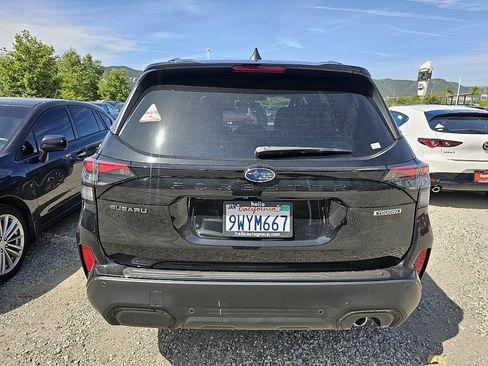 Used 2026 Subaru Forester Touring AWD/4WD image 13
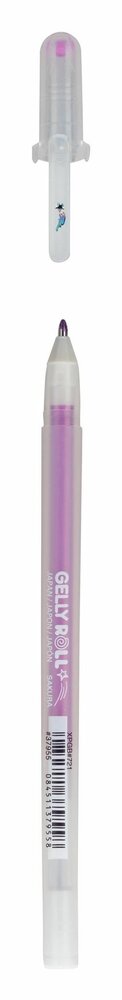 Rose Sakura Gelly Roll Stardust Glitter kleur 721
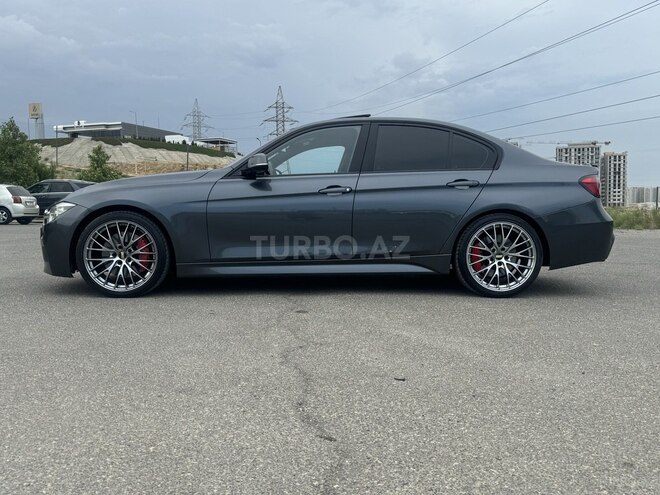 BMW 328 2015, 138,000 km - 2.0 l - Bakı
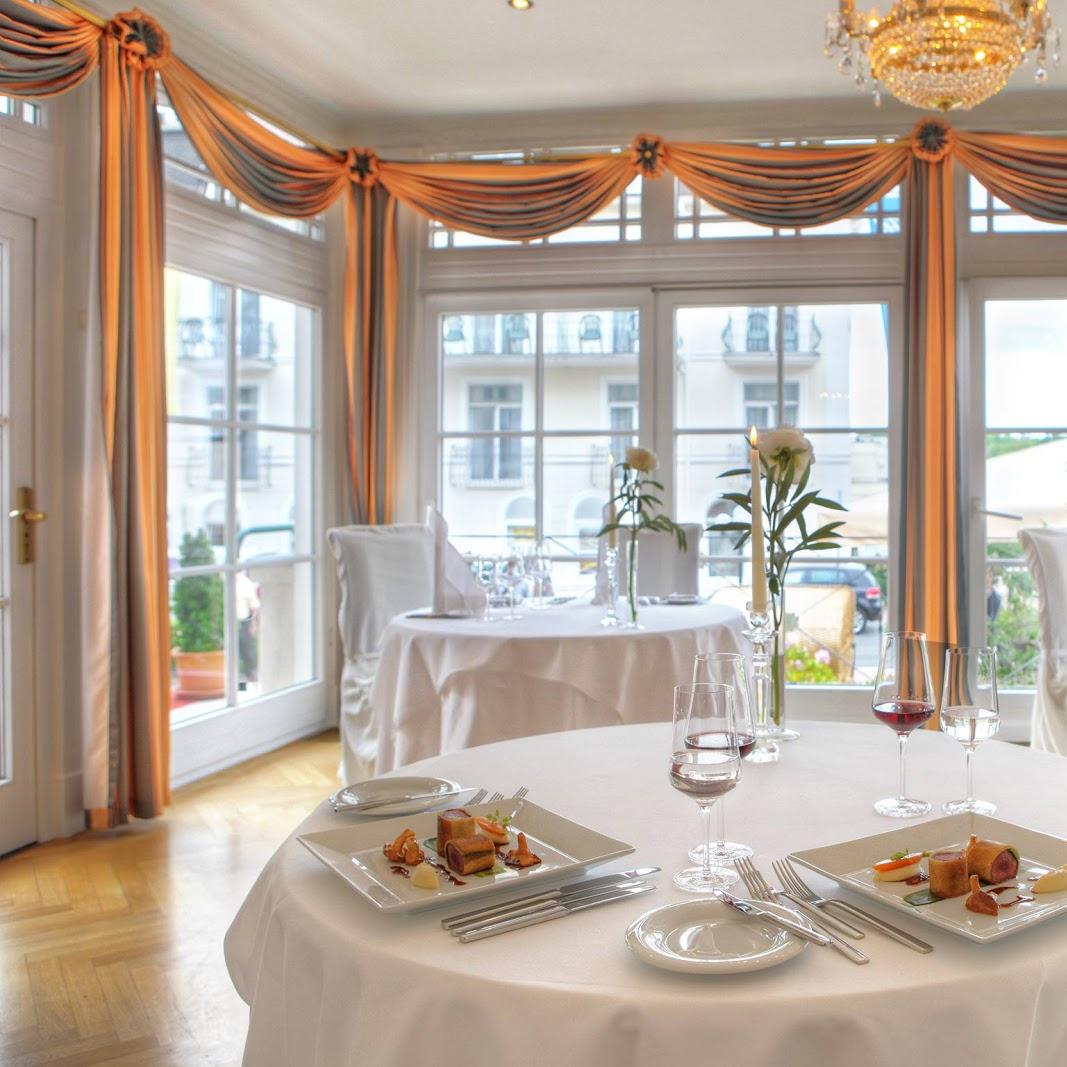 Restaurant "Restaurant Bucheneck" in  Heringsdorf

+ + + + +

> WORK INSTRUCTION
Every line of the material above must be written out exactly, with no pictures.

> TASK ANSWER
 Used 2026 Subaru Forester Touring AWD/4WD image 13
 Rose Sakura Gelly Roll Stardust Glitter kleur 721
 BMW 328 2015, 138,000 km - 2.0 l - Bakı
 Restaurant "Restaurant Bucheneck" in  Heringsdorf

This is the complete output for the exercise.